JEP 462 结构化并发是一个很愚蠢的提案
Motivation
Developers manage complexity by breaking tasks down into multiple subtasks. In ordinary single-threaded code, the subtasks execute sequentially. However, if the subtasks are sufficiently independent of each other, and if there are sufficient hardware resources, then the overall task can be made to run faster (i.e., with lower latency) by executing the subtasks concurrently. For example, a task that composes the results of multiple I/O operations will run faster if each I/O operation executes concurrently in its own thread. Virtual threads (JEP 444) make it cost-effective to dedicate a thread to every such I/O operation, but managing the huge number of threads that can result remains a challenge.
开发人员通过将任务分解为多个子任务来管理复杂性。在普通的单线程代码中,子任务顺序执行。然而,如果子任务彼此充分独立,并且如果有足够的硬件资源,则可以通过同时执行子任务来使整体任务运行得更快(即,具有更低的延迟)。例如,如果每个 I/O 操作在自己的线程中并发执行,则由多个 I/O 操作组成的任务将运行得更快。虚拟线程 ( JEP 444 ) 使为每个此类 I/O 操作专用一个线程变得经济高效,但管理可能产生的大量线程仍然是一个挑战。
该提案还号称参考了 Erlang
Structured concurrency is an approach to concurrent programming that preserves the natural relationship between tasks and subtasks, which leads to more readable, maintainable, and reliable concurrent code. The term "structured concurrency" was coined by Martin Sústrik and popularized by Nathaniel J. Smith. Ideas from other languages, such as Erlang's hierarchical supervisors, inform the design of error handling in structured concurrency.

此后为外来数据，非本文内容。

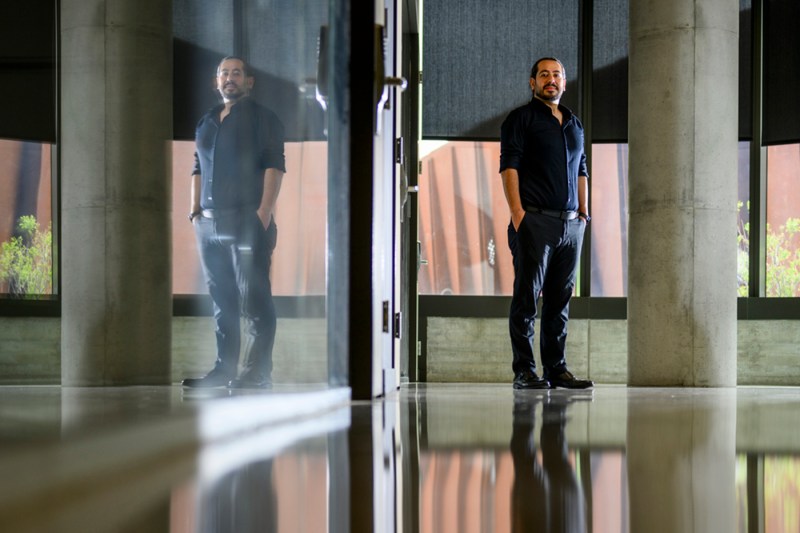 Safa Jamali stands between concrete columns in a modern building interior with reflective floors that mirror his image, natural light visible through windows in the background.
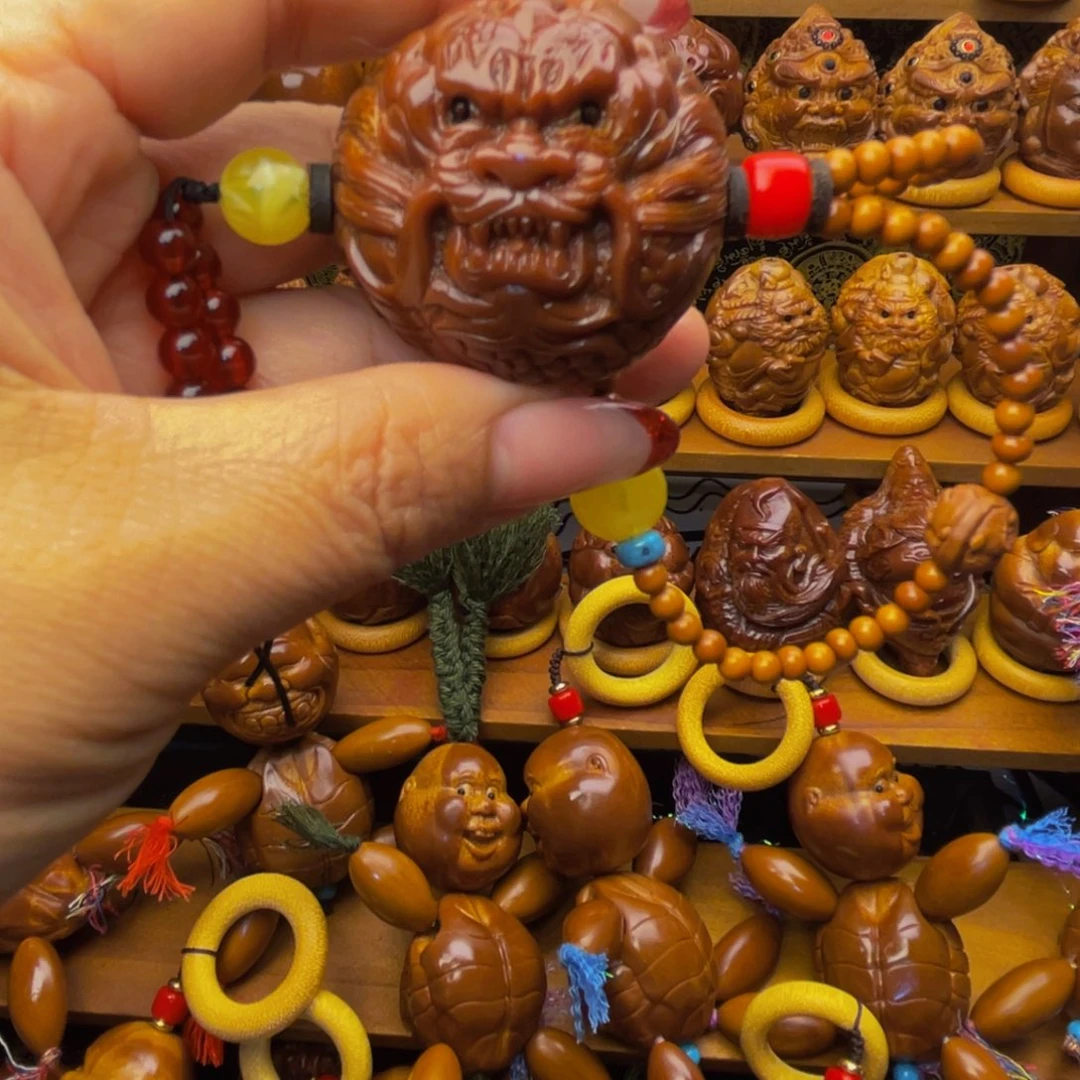 a***a橄榄核吊坠大龙球手把件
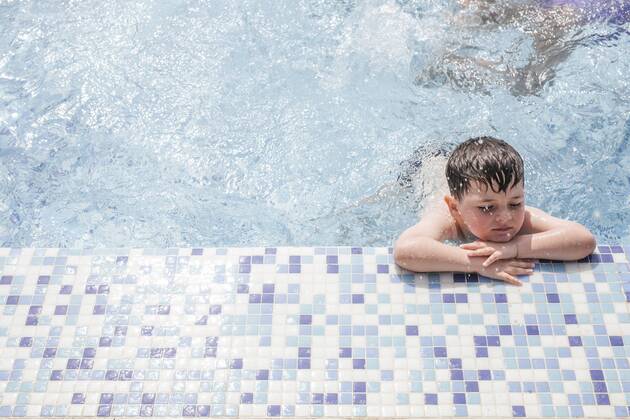 Little boy relaxing at poolside model released Symbolfoto  LJF00033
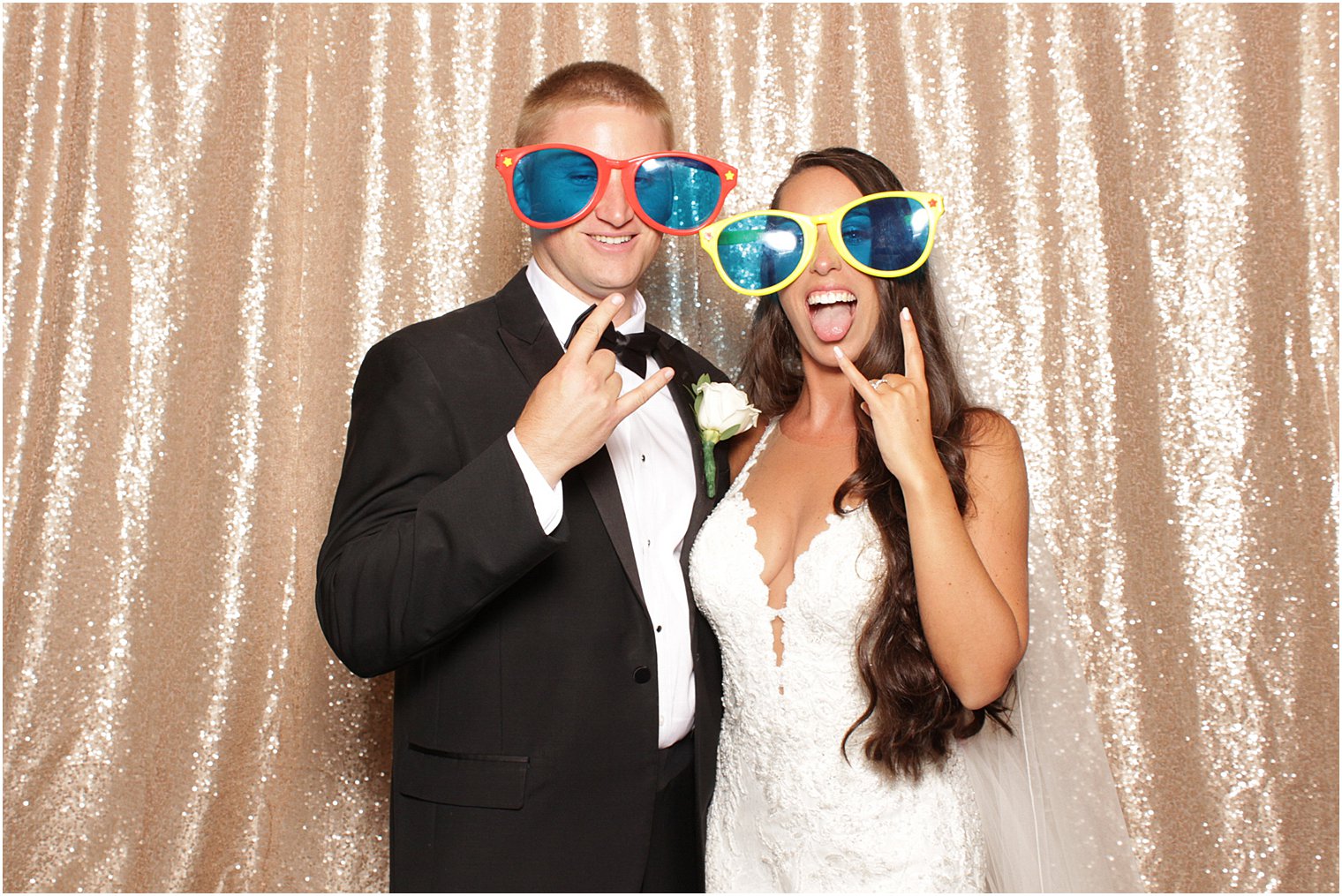 bride and groom wear sunglasses during photo booth at Bridgeview Yacht Club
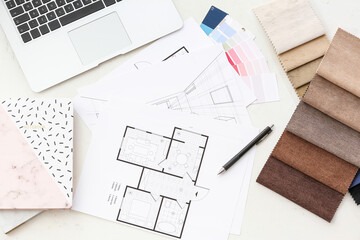 House plans and fabric samples on light background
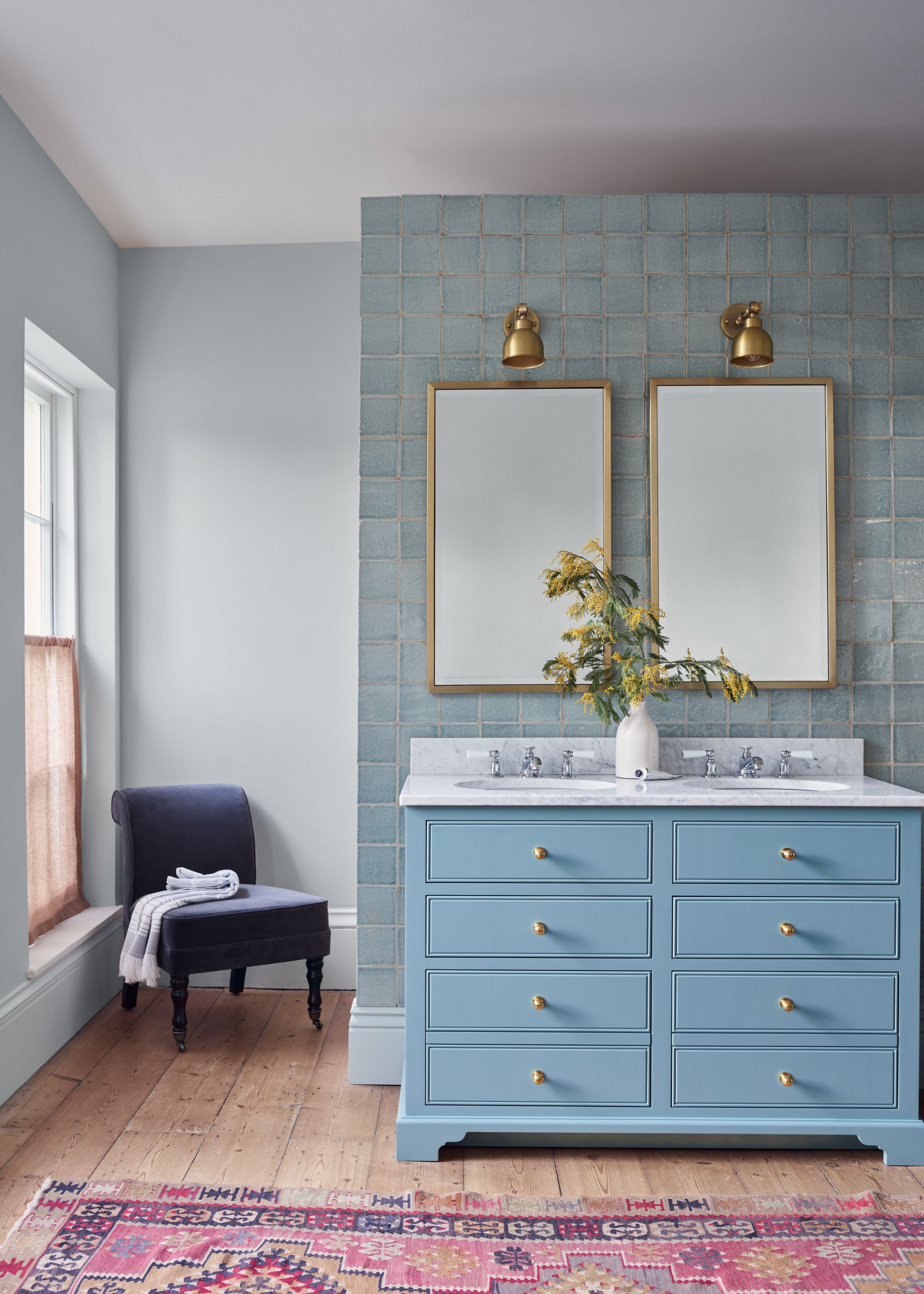 bathroom with light blue walls, vanity unit, and feature wall tiles with a double sink and mirrors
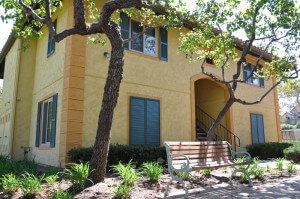 Outside view of the building including a bench and foliage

但是在 erlang 的视角, process 本身就是贯穿性的任务实体, 而 virtual thread 相当于 erlang 的 process, 按此推理, virtual thread 形成一个层次化的关系, 就可以表达任务及其子任务.
在 ExecutorService 时代, 线程很贵, Java 的 Runnable Callable 跨越了多个线程, 将任务分布于线程上, 是很高明的设计. 但 virtual thread 已经不需要这种巧妙的设计了————这不知道是进步还是退步————既然选择了 virtual thread 新的并发模型就应当以 virtual thread 出发. 遗憾的是, virtual thread 努力摆脱的 reactive 编程 在这个结构化并发的提案里又回来了.
virtual thread 再加一个 channel 就相当于 golang 了, 搞并发的不妨别管 JEP462.